Researchers warn that even if such a company doesn’t allow using such networks the employees may pay no attention to it. To this it adds that the peer-to-peer networks are usually created to evade firewalls and go over Port 80 instead of other monitored ports. Many times P2P users are employees at work who just want to gain from having a high bandwidth. Even for those companies which have put security measures in place, there is still good chances that data might be disclosed from their internal corporate IP range because P2P is very good at getting around IT security measures.Also files coming across P2P can be disguised to look like legitimate MP3s but might instead be Trojans.All the more spyware and viruses transmitted via P2P file sharing can spread very rapidly and widely among users and thus can do considerable damage to the company.
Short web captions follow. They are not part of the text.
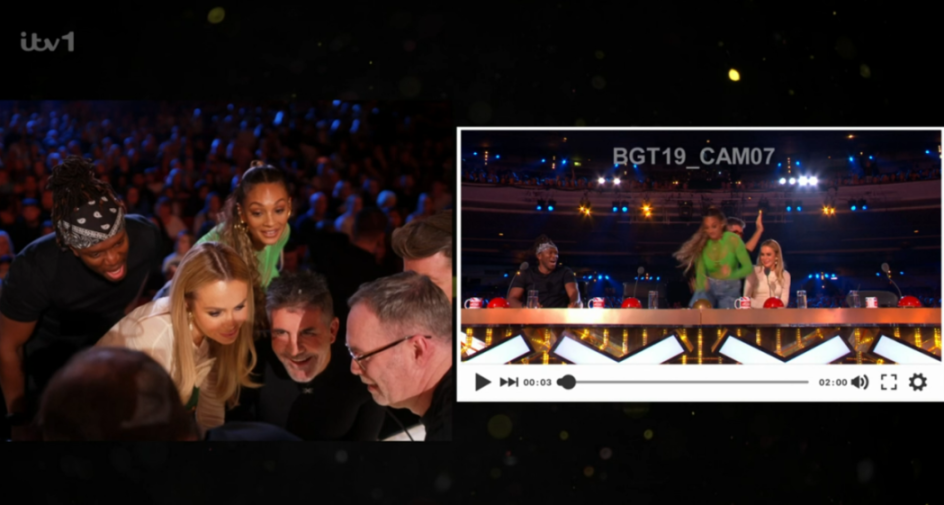 Collage of judges reacting to a Golden Buzzer act on Britain's Got Talent.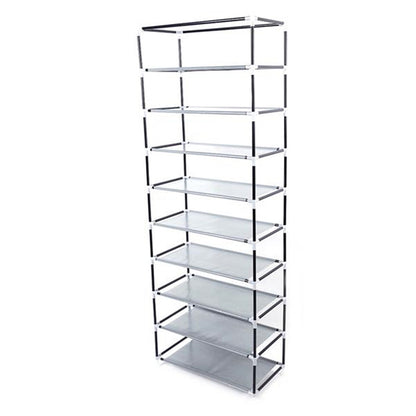 RONSHIN 9 Tiers Shoe Rack Closet Shoe Storage Cabinet Organizer GREY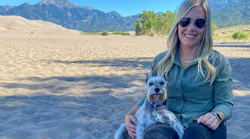 Ashley Hood-Morley, VP of industry engagement for the Plastics Industry Association (PLASTICS), enjoys traveling with Walter, her 14-year-old miniature Schnauzer. Here they are at Great Sand Dunes National Park and Preserve in Colorado.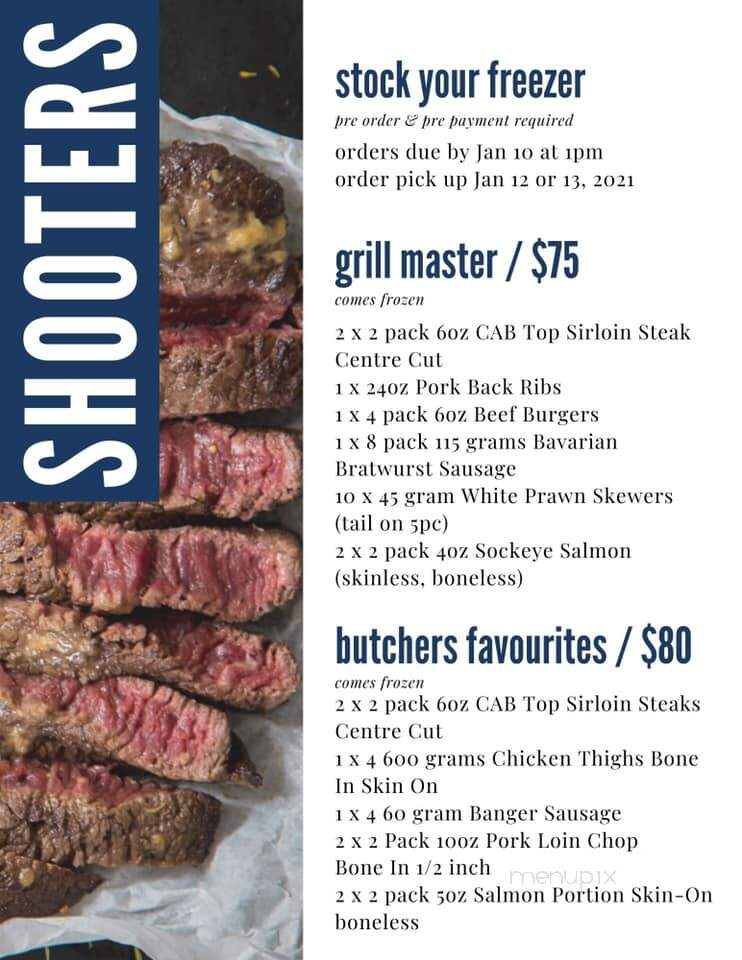 Shooters Family Restaurant - Winnipeg, MB menu_pic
In spite of the high rate of data leaks owing to p2p usage there are still solutions to be implemented. However, currently most of the DLP tools existing are just monitoring the P2P because to ban it totally could mean to block legitimate business as well. If the DLP solution would be well-configured it could resolve the problem of P2P leaks, but most organizations do not opt for it. On the other hand, the highest rate of danger for companies as in 40 to 60 % of the confidential files leaked via P2P file-sharing networks come from sources outside the corporate perimeter, such as suppliers, contractors, attorneys, partners, and employees working from their home or somewhere else, situations which, to be honest, a company has virtually next to no chance to control. Hence, the need for companies to center their attention more on these extended or external aspects and develop their security approach around them.